Peter Maydell <address@hidden> writes:

> On 3 March 2015 at 20:06, Paolo Bonzini <address@hidden> wrote:
>>
>>
>> On 03/03/2015 11:56, Alex Bennée wrote:
>>> > > This adds the saving and restore of the current Multi-Processing state
>>> > > of the machine. While the KVM_GET/SET_MP_STATE API exposes a number of
>>> > > potential states for x86 we only use two for ARM. Either the process is
>>> > > running or not.
>>> >
>>> > By this you mean "is the CPU in the PSCI powered down state or not",
>>> > right?
>>>
>>> From the vcpu's perspective it is either running or not. However it is
>>> the same mechanism that is used when PSCI_0_2_FN_CPU_OFF is passed the
>>> VM, internally setting vcpu->arch.paused.
>
> Well, it has to be (ABI defined to be) identical with being PSCI
> powered down/up, because that's how userspace is going to be
> treating it. If we might tell userspace we're in the "not running"

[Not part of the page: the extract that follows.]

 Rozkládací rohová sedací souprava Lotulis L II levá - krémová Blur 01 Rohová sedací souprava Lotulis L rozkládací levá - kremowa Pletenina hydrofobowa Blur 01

> state for other cases than PSCI-powered-down then we probably need
> to consider separating those out into separate states.
>
>> I suggest that you define a new MP_STATE constant for this.  HALTED in
>> x86 and s390 is the state an ARM processor enters when you execute wfi.
>
> Architecturally the CPU doesn't have to enter any state at all
> if you execute a WFI -- it might be implemented as "go to low
> power state and wait for an interrupt" or "go low power but
> maybe be unnecessarily woken up" or "nop, do nothing"...
>
>>  Right now this is not migrated on ARM if I remember correctly, but
>> perhaps you'll want to add it in the future.
>
> ...which is why we don't need to migrate this: it just means
> that migration during WFI causes an unnecessary-wakeup, which
> is architecturally fine.

What happens when you boot a SMP system but only ever power up one of the
CPUs? You can't just randomly start the second CPU if it's in the
powered off state, who knows what it would do?